Comme pressenti, la part des financements d’investisseurs a encore reculé cette année sous l’effet de la recommandation du HCSF et en dépit de son assouplissement en début d’année avec le passage du taux d’endettement maximum de 33 à 35 %. L’abandon du calcul de l’endettement en différentiel, prenant en compte les loyers en déduction de la mensualité de crédit, a conduit à l’exclusion du crédit de beaucoup d’investisseurs. Cela pourrait devenir problématique car 60 % du parc locatif appartient à des bailleurs privés qui sont indispensables pour maintenir un niveau d’offres locatives suffisant et éviter une inflation sur les loyers.
Une recommandation qui pourrait devenir plus compliquée à respecter en cas de remontée des taux de crédit et de baisse de l’épargne…
En 2021, la production de crédit a donc évolué dans le sens souhaité par le HCSF comme en témoigne la baisse du taux d’effort moyen à 30 % (-0,9 point) et le recul de la part des prêts sur plus de 25 ans, passée de 12,8 % en janvier 2020 à 6 % en juillet 2021 avec toutefois une hausse de la durée moyenne des crédits de 2 mois en seulement 6 mois (de 21 ans et 7 mois en janvier 2020 à 21 ans et 9 mois en juin 2021).
Comme indiqué par l’autorité prudentielle, ces évolutions positives ont été favorisées par contexte de taux bas : « Cet ajustement de la durée moyenne et le maintien des taux d’intérêt à des niveaux historiquement bas ont contribué à la baisse des taux d’effort individuels » indique le HCSF dans son bilan.
Mais qu’en sera-t-il en cas de remontée des taux de crédit immobilier ?
Le contexte de taux record en 2021 a resolvabilisé les primo-accédants en permettant de compenser en partie les hausses de prix et limiter ainsi l’endettement des ménages souhaitant acheter.

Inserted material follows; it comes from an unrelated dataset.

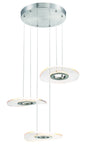 George Kovacs - P1783-084-L - LED Pendant - Light Ray - Brushed Nickel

Mais si les taux venaient à remonter, dans un contexte de prix élevés, certains emprunteurs pourraient ne plus pouvoir emprunter une somme suffisante sans augmenter soit leur endettement, soit la durée de leur crédit. En cas de non respect de la recommandation devenue contraignante, ils seront ainsi de fait exclus du marché, ce qui pourrait venir casser la dynamique du marché.
En outre, alors qu’en raison des confinements successifs, l’épargne des Français a beaucoup augmenté depuis 2020, ce phénomène pourrait ne pas durer pénalisant les emprunteurs sans apport, alors même que d’après le HCSF « l’ajustement de la production de crédit est également passé par la mobilisation plus importante d’un apport initial lorsque cela était possible » avec un apport moyen hors frais de 17,6 %, en hausse de 3 points. Les ménages modestes pourraient donc également être pénalisés sur ce point dans les prochains mois.